Due manoscritti nella Biblioteca Vaticana comprendono un insieme di 12 Miserere per doppio coro: troviamo così lo spartito di Fabrizio Dentice, Giovanni Pierluigi da Palestrina, Giovanni Francesco Anerio e suo fratello Felice, Giovanni Maria Nanino, Ruggero Giovannelli e di compositori minori e anonimi, per finire con la celebre opera di Gregorio Allegri [di cui nel video in basso è possibili ascoltare l'esecuzione della partitura originale]; l'attribuzione da parte di alcuni autori moderni del primo Miserere di questa serie a Costanzo Festa, con la data 1517, non è unanimemente condivisa. Altre partiture a nove voci, sono nella biblioteca della Cappella Sistina: una di Orlando di Lasso e numerose altre di compositori minori. Spartiti notevoli in uno stile semplice sono quelli di de Victoria (1581) e Gesualdo (1611), stampati nelle loro collezioni di musica per la Settimana Santa. Più elaborata invece una seconda versione di Lasso (Psalmi Davidis poenitentiales, 1584) e anche una di Giovanni Gabrieli (una partitura dei soli primi quattro versi in Sacrae Symphoniae, 1597).
Diversi testi dal Salterio romano cominciano con le parole 'Miserere mihi Domine'; sono presi non solo dai salmi di cui sopra, ma da versi del Salmo IV, VI, XXX e LXXXV. Nella tradizione inglese il più importante è la breve antifona di compieta che continua e si conclude con le parole 'et Exaudi orationem meam' (dal Salmo IV, seconda parte del v.2, nel Salterio romano).
Questo canto diede origine in Inghilterra a una importante tradizione musicale, composta da canti liturgici anonimi e di autori come John Norman e William Byrd, che inserì nelle Cantiones Sacrae del 1575, un elaborato canone non liturgico forse scritto in rivalità con il canonico Miserere Nostri di Thomas Tallis presente nella stessa pubblicazione), nonché da un intero repertorio di opere strumentali.
Ci sono giunte partiture per organo di Kyrton, John Redford, Philip ap Rhys, William Shelbye, E. Strowger e 'Wodson' (forse Thomas Woodson); e, dopo la Riforma, il genere attrasse molti compositori, fra i quali il più famoso fu John Bull. Abbiamo poi partiture per liuto di Alfonso Ferrabosco.

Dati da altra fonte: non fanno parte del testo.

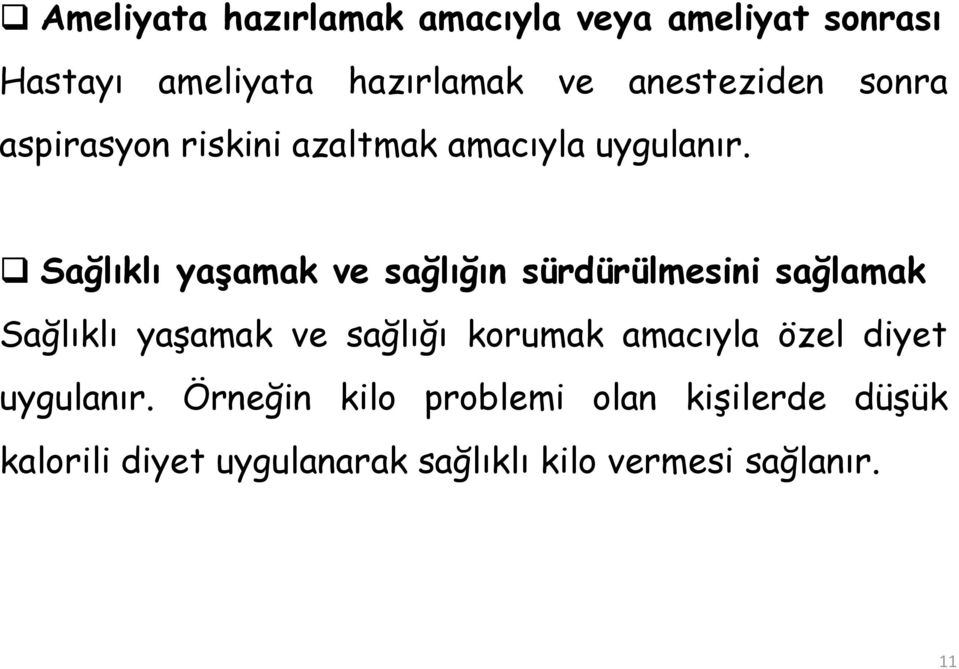 Sağlıklı yaşamak ve sağlığın sürdürülmesini sağlamak Sağlıklı yaşamak ve sağlığı korumak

In particolare, Byrd e Ferrabosco scrissero ciascuno 40 partiture canoniche in amichevole rivalità. Furono stampate nel 1603 in una collezione con il titolo Medulla Musicke (Musicae), ma nessuna copia sopravvive; però, le 19 opere canoniche di Byrd che ci sono giunte in manoscritto possono rappresentare una parte del suo contributo.